According to speech sponsors MoveOn.org
and Environment2004, "Mr. Gore will issue an indictment
of the Bush administration's inaction on global warming, linking
the issue to U.S. national security. He will show that global
warming is happening right now, and yet the President is choosing
to help his coal- and oil-company supporters rather than advance
modern technologies that can affordably solve this critical problem.
The speech will also explore the administration's deliberate
attempts to mislead the public as it attacks basic environmental
laws and protection."
TEN SECOND RESPONSE: Vice President Gore is a fine one to talk about
"deliberate attempts to mislead the public," as Gore
himself is notorious for making inaccurate statements on environmental
issues.
THIRTY SECOND RESPONSE: Due perhaps to the complexity of most environmental
issues, Al Gore has frequently gotten away with exaggerations,
spins, and outright untruths in his past remarks on environmental
issues. The public would be wise to seek independent, authoritative
confirmation of any allegations Gore makes about the environment.
DISCUSSION:
Judge for yourself Gore's reliability on environmental issues
from these three examples:
Assertion 1 - Gore Says George W. Bush Tried to Increase
the Amount of Arsenic in America's Drinking Water:
"Instead of ensuring that our water is clean to drink, [the
Bush Administration] tried to increase the amount of arsenic
in our water." - Al Gore, April 22, 2002 1
Evaluating His Claim: Three days before George W. Bush was inaugurated,
the Clinton Administration announced a rule reducing the amount
of arsenic allowed in public water systems from 50 parts per
billion to 10 ppb.2 The
new rule, which was to replace a standard in effect since 1942,
was one of many regulations proposed by the Clinton Administration
during the brief time between Bush's acknowledged election victory
and Bush's inauguration.
On January 20, 2001, Bush signed an order
temporarily delaying issuance of many of Clinton's last-minute
regulations3 to give his new Administration a chance to review
their content.

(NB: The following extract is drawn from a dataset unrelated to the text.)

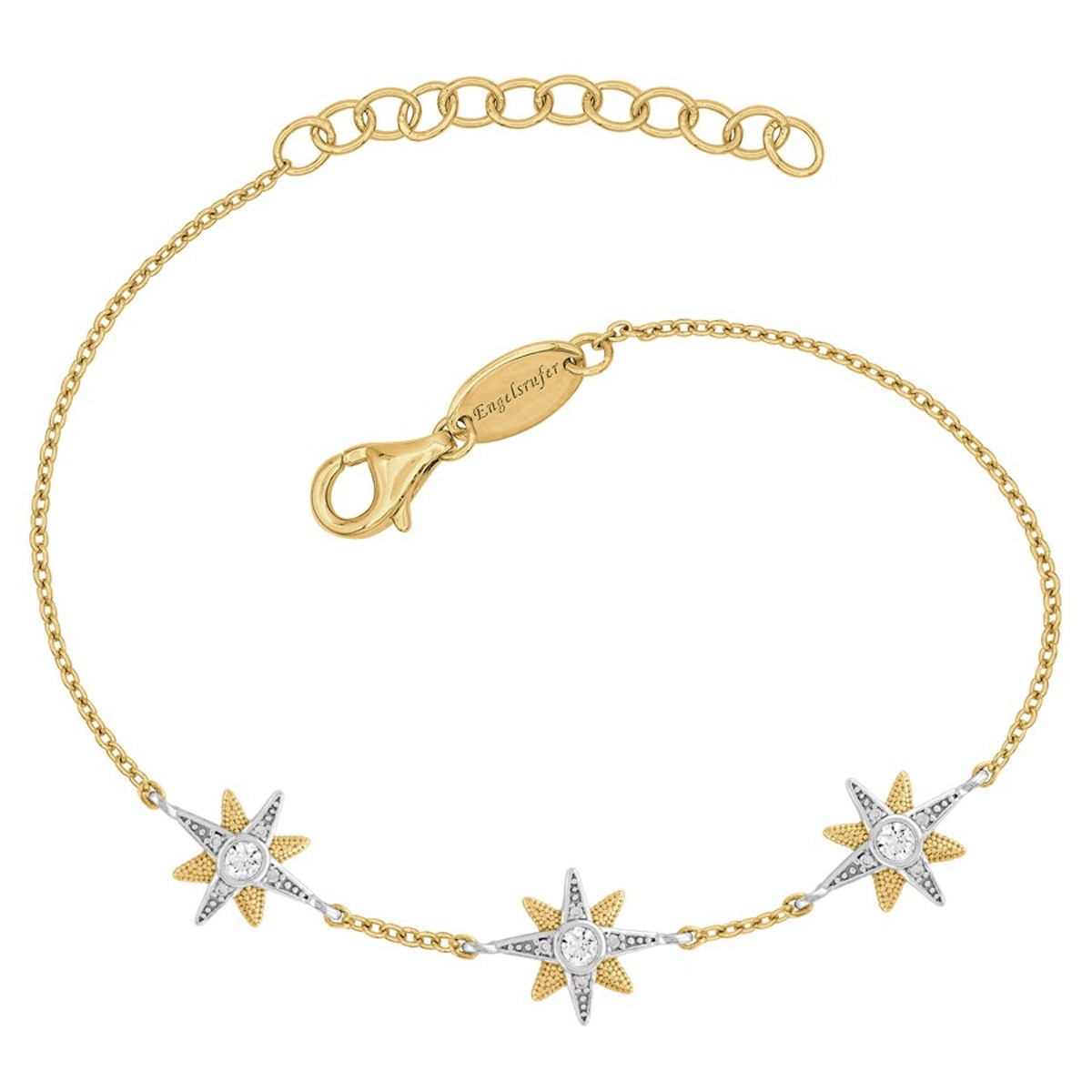 Bracciale Engelsrufer Albero Della Vita In Acciaio Inossidabile – Placcato Oro, Regolabile, Nickel Free - 3
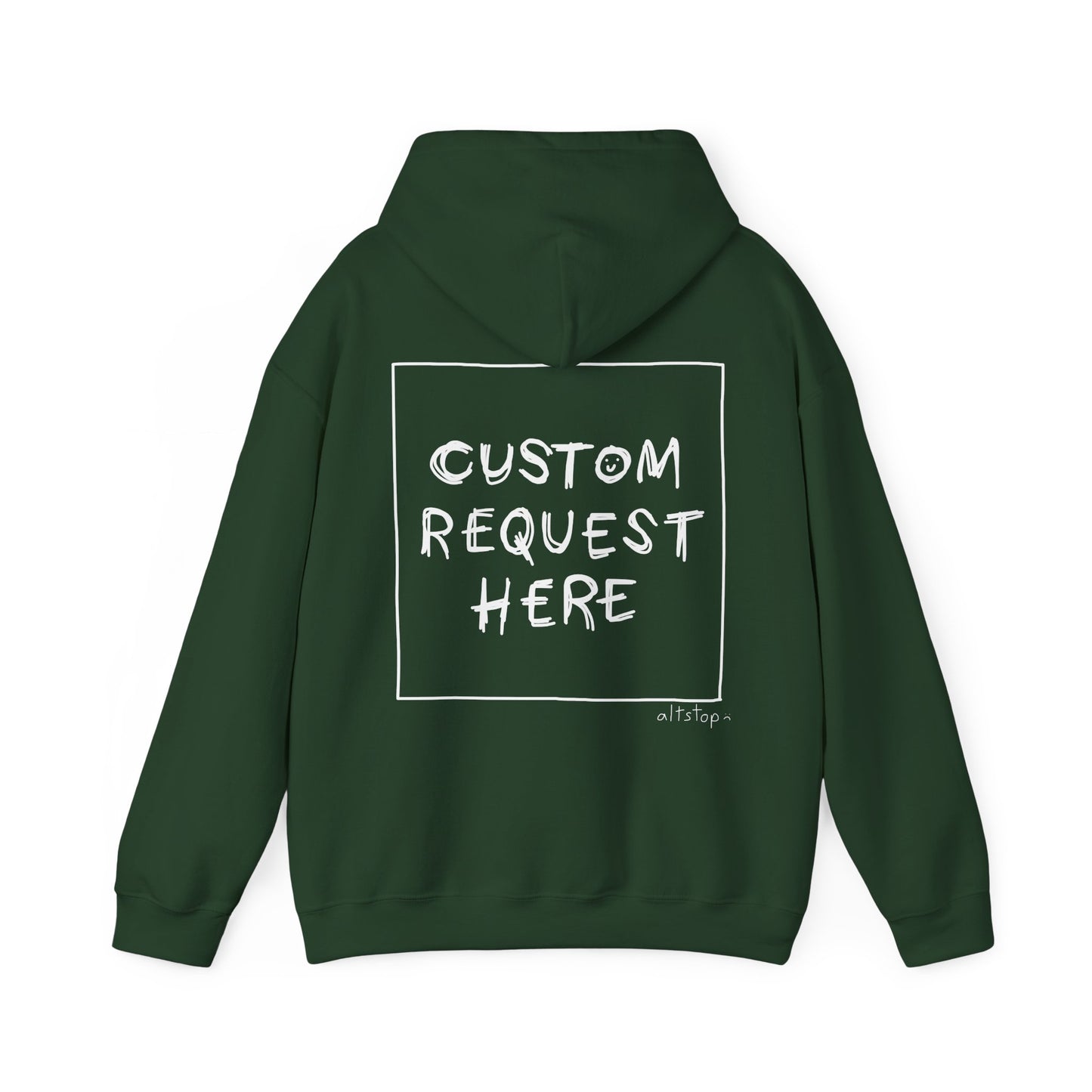 NEW! custom request hoodie :(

The new arsenic standard rule was among them.
However, as it was not due to take effect until 2006, Bush's
temporary hold in 2001 had no impact on water quality.
Tougher standards had been controversial
because they were expected to be expensive (especially for small
communities served by small water systems and in the Western
U.S., which has more naturally-occurring arsenic) and because
some argued tougher standards were unnecessary for human health.
The Clinton Administration's EPA had
estimated a 10 ppb standard would save 23-33 lives per year.
A joint American Enterprise Institute-Brookings Institution study,
however, had concluded the new rules would actually cost lives
(due to the negative impact of higher water costs on low income
families).4
The Bush Administration asked the National
Academies of Science to report to the Administration on the likely
health impacts of various possible new arsenic standards (3 ppb,
5 ppb, 10 ppb and 20 ppb). (Notably, the Administration did not
ask the NAS to study the impact of leaving the 1942 standard
in place,5 making it unlikely that the Administration ever
seriously contemplated leaving the rules unchanged.)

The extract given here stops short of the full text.